While those great athletes (among them I can also add others like David Coulthard in Formula 1, one of the greatest drivers of all time, Carl Lewis in Track, who ran faster than people imagined possible at the time, and Ian Thorpe, the Australian swimming sensation of the first decade of the 21st century) have given us moments of awe, amazement and joy, and while they were GREAT at their sport, their focus was on personal excellence and achievement and perfecting their mastery.
This is the point where you stone me and argue that I don’t know what I am talking about, (after all, aren’t discussions and arguments about sports part of the fun?), so I am just gonna say it. Some athletes are great, like the ones I mentioned above. But only a few actually CHANGE the way their sport is played.
They may not be the greatest, though sometimes they are, but they change something fundamental about their sport – it could be the way Roger Federer turned tennis into an art. It could be the way Usain Bolt turned running into a party. It could be Michael Shumacher in Formula 1, who was the first driver who was actually an athlete and made physical conditioning an important part of the game. It could be Serena Williams, whose athleticism and power have redefined women’s tennis, pushing the limits of what female players can achieve on the court. Of course, how can you go through a list of athletes who changed their sports without mentioning Michael Jordan, who didn’t play better than the others, he just didn’t play the same game.
I know this list is debatable and it is obviously not complete, go ahead and argue down here in the comment section. But really, it isn’t important, Because I am here to tell you about the man who wasn’t just the greatest but also changed not one, but two different Paralympic sports, and he happens to be an Israeli, and he happens to be our own: The GOAT of both wheelchair basketball and wheelchair table tennis, the Jewish boy from Tripoli, Libya, who was one of 13 brothers and sisters, who was left paralyzed by polio and won a staggering 22 Paralympic medals, 17 of which are in the right color:
Baruch Hagai.
Baruch changed the game of wheelchair table tennis forever when in his first match of the 1968 Paralympic games held in Tel Aviv (yes, Israel hosted the Paralympics in 1968) he just smiled at his opponent before hitting his first serve and released his wheelchair brakes. Until then, players in wheelchairs played with locked brakes for stability. Baruch released his brakes and started gliding back and forth, pushing with one arm and hitting with the other, moving sideways, turning and saving balls from long lines and hitting top spins from under the table. He cruised to gold in 1968, and then again in 1972 and again in 1976. He wasn’t just a good player. He was a spectacle. People’s jaws dropped when he played — he was fast, dynamic and most of all, mobile.

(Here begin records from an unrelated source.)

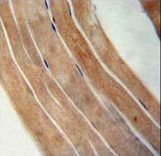 EFTUD1 antibody immunohistochemistry of formalin-fixed and paraffin-embedded human skeletal muscle followed by peroxidase-conjugated secondary antibody and DAB staining.
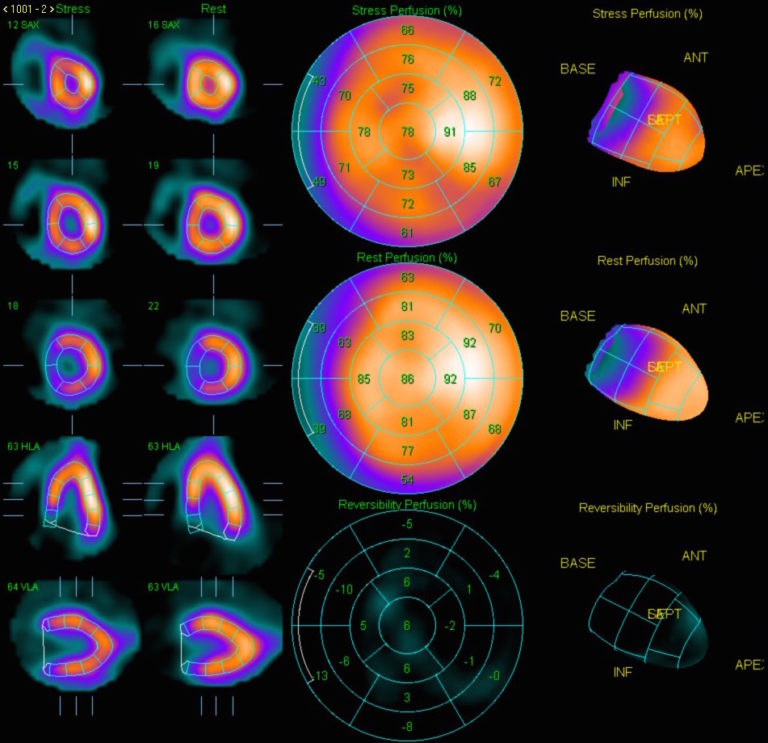 Cardiology Case 4 | NucsRadiology.com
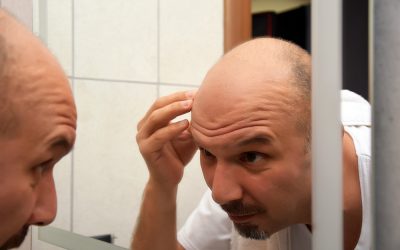 Anhaltender Haarausfall – was tun, wenn nichts hilft?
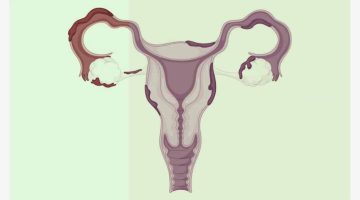 أعشاب تنزل الدورة في سن اليأس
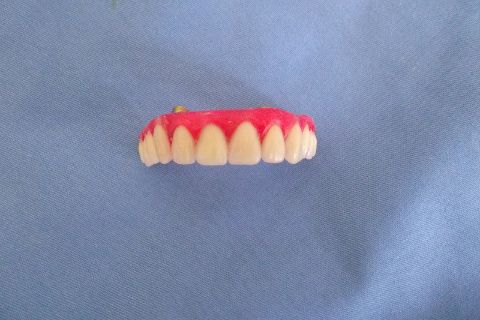 Protocolo Duplo Sendo Superior All-On-4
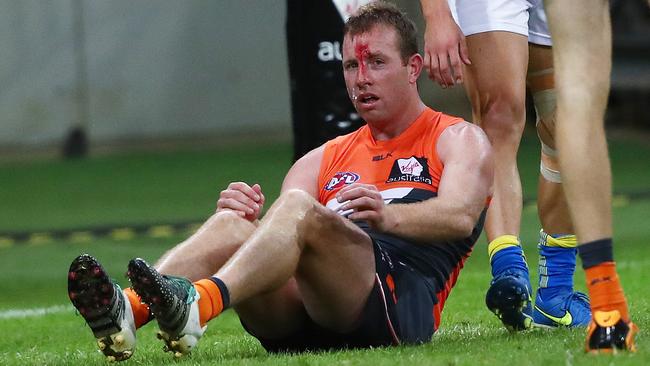 Steve Johnson ... ouch. Enough said. Picture: Phil Hillyard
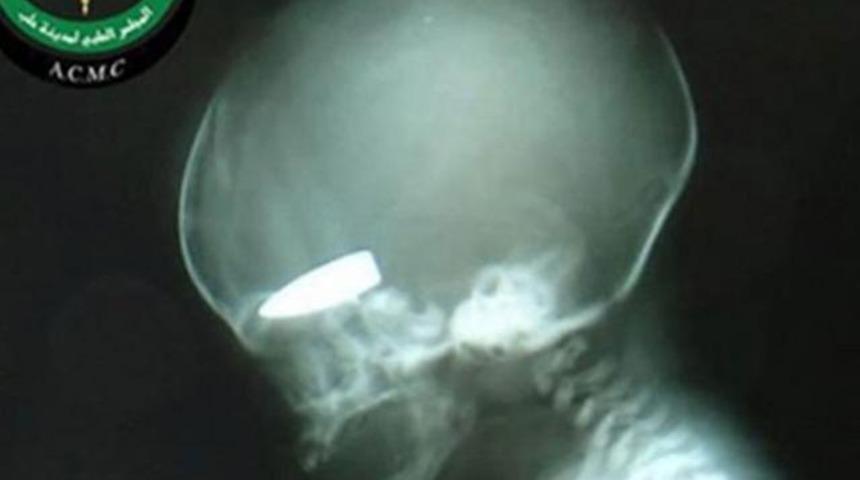 İddiaya girip hamile avlıyorlar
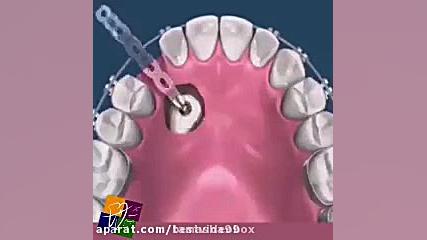 حرکت دندان نیش نهفته داخل فک به سمت قوس دندانى1687 ایکلوزوماب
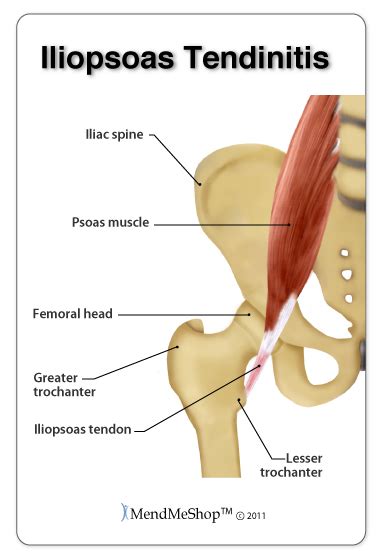 Tendinitis in the Hip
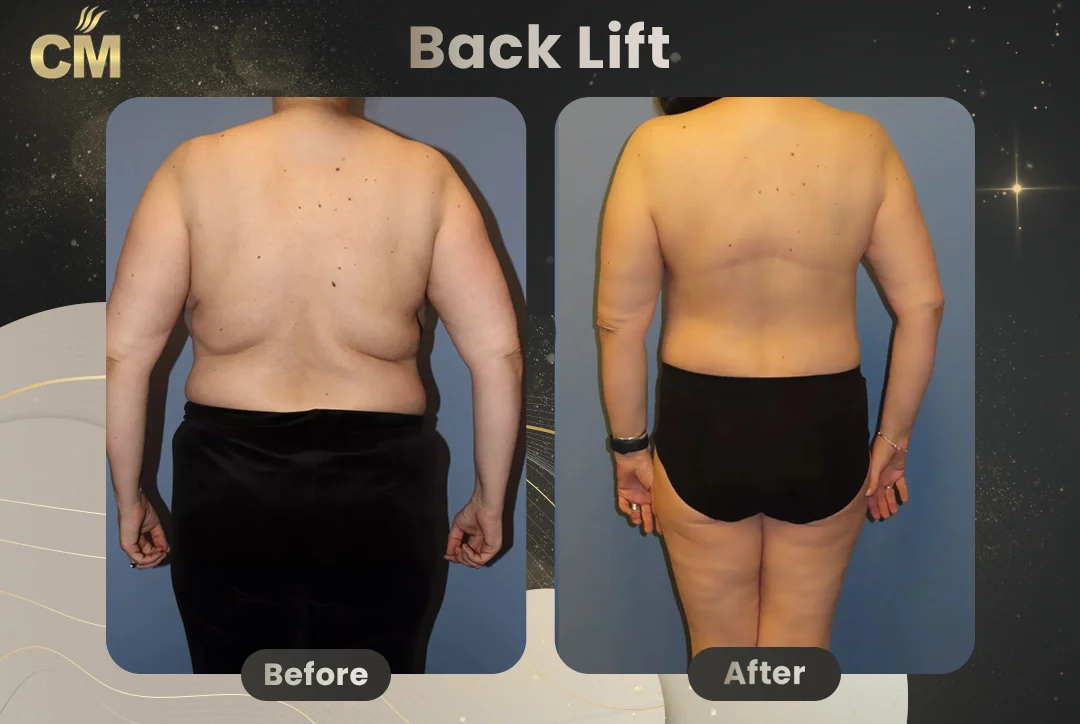 Before and after case 3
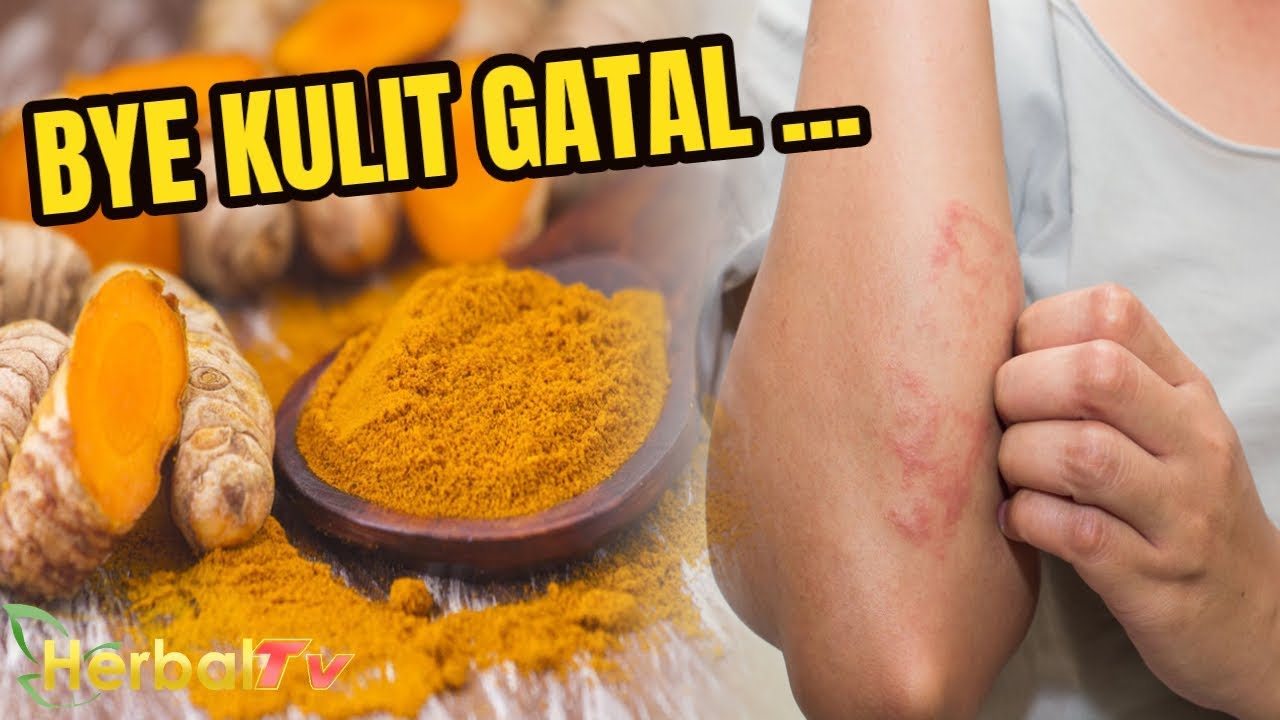 Cara Mengatasi Gatal-Gatal Pada Kulit Kering Cara Mengatasi Gatal-Gatal Pada Kulit Kering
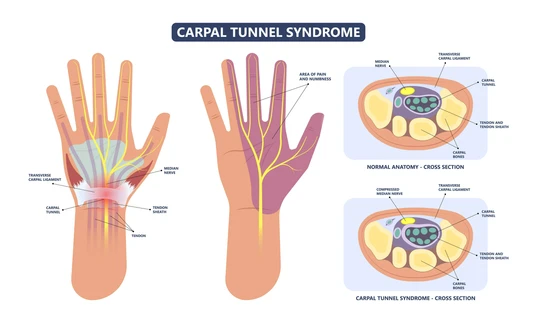 Carpal tunnel graphic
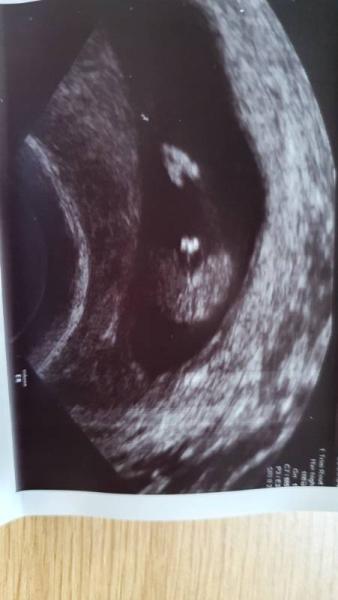 Bild zu Geschlecht 13.SSW? - Forum für November - Mamis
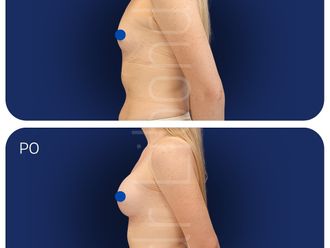 Rekonstrukcja piersi przed i po - 877331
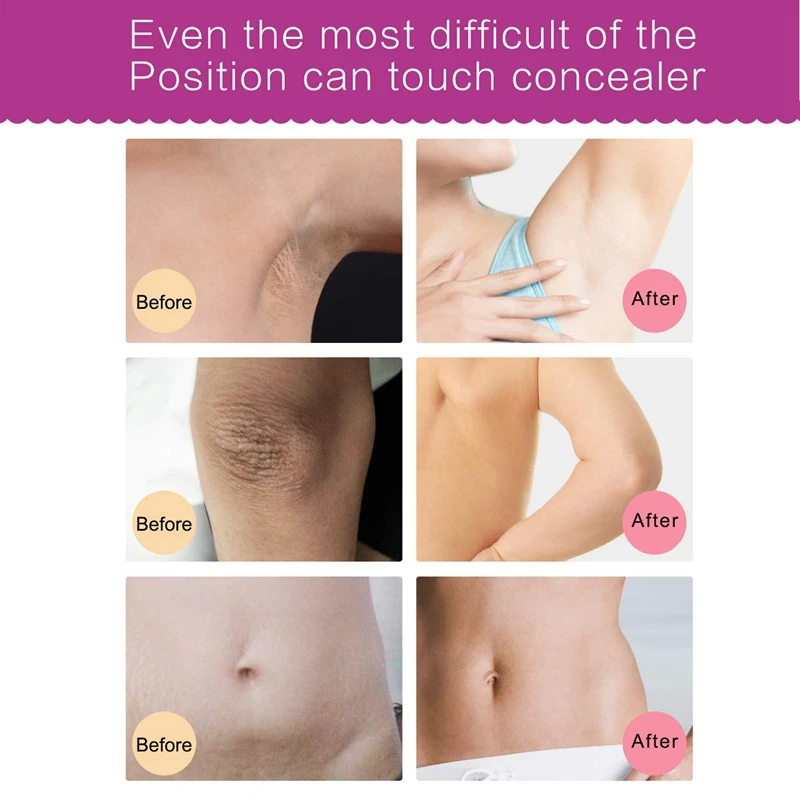 ELAIMEI 2 шт. натуральная кожа ремонт ног коленей и частных частей избавьтесь от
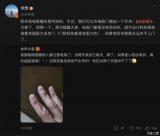 一網(wǎng)友被電吸門(mén)夾手 李想在微博在線(xiàn)支招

He unlocked the wheelchair brakes. Simple and genius.
Baruch also changed wheelchair basketball. Until his era, wheelchair basketball was a very static game, players passed, sometimes dribbled once or twice and then made an attempt to shoot. Baruch danced. He dribbled with both hands, pushed his wheelchair like it was flying a few inches above ground, shot with his right hand and then with his left, invented the one on one, the stop and spin to shake off a defender, the scoop shot and the reverse lay up. He introduced showtime to wheelchair basketball, 20 years before Magic Johnson.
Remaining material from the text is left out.